* [Task to carry out]: Return only the stretch of the material below that begins with the line containing "Unlike in Adonis.js" and ends with the line containing "This article was", exactly; both of those lines belong to it.

* [Given records]:

================

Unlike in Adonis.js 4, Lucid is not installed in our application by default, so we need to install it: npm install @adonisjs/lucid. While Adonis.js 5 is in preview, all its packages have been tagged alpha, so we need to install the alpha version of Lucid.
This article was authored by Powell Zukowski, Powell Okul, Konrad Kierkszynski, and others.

================

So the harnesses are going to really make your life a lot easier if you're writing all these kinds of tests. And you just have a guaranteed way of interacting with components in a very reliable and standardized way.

================

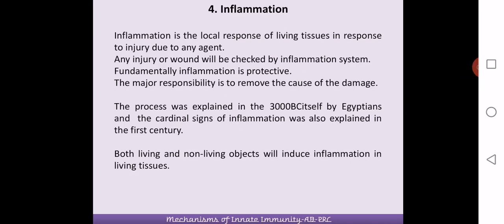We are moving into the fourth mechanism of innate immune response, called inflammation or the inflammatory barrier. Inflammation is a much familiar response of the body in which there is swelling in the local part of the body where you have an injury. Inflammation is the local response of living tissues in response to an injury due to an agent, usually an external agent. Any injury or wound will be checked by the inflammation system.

================

* [The answer]:
Unlike in Adonis.js 4, Lucid is not installed in our application by default, so we need to install it: npm install @adonisjs/lucid. While Adonis.js 5 is in preview, all its packages have been tagged alpha, so we need to install the alpha version of Lucid.
This article was authored by Powell Zukowski, Powell Okul, Konrad Kierkszynski, and others.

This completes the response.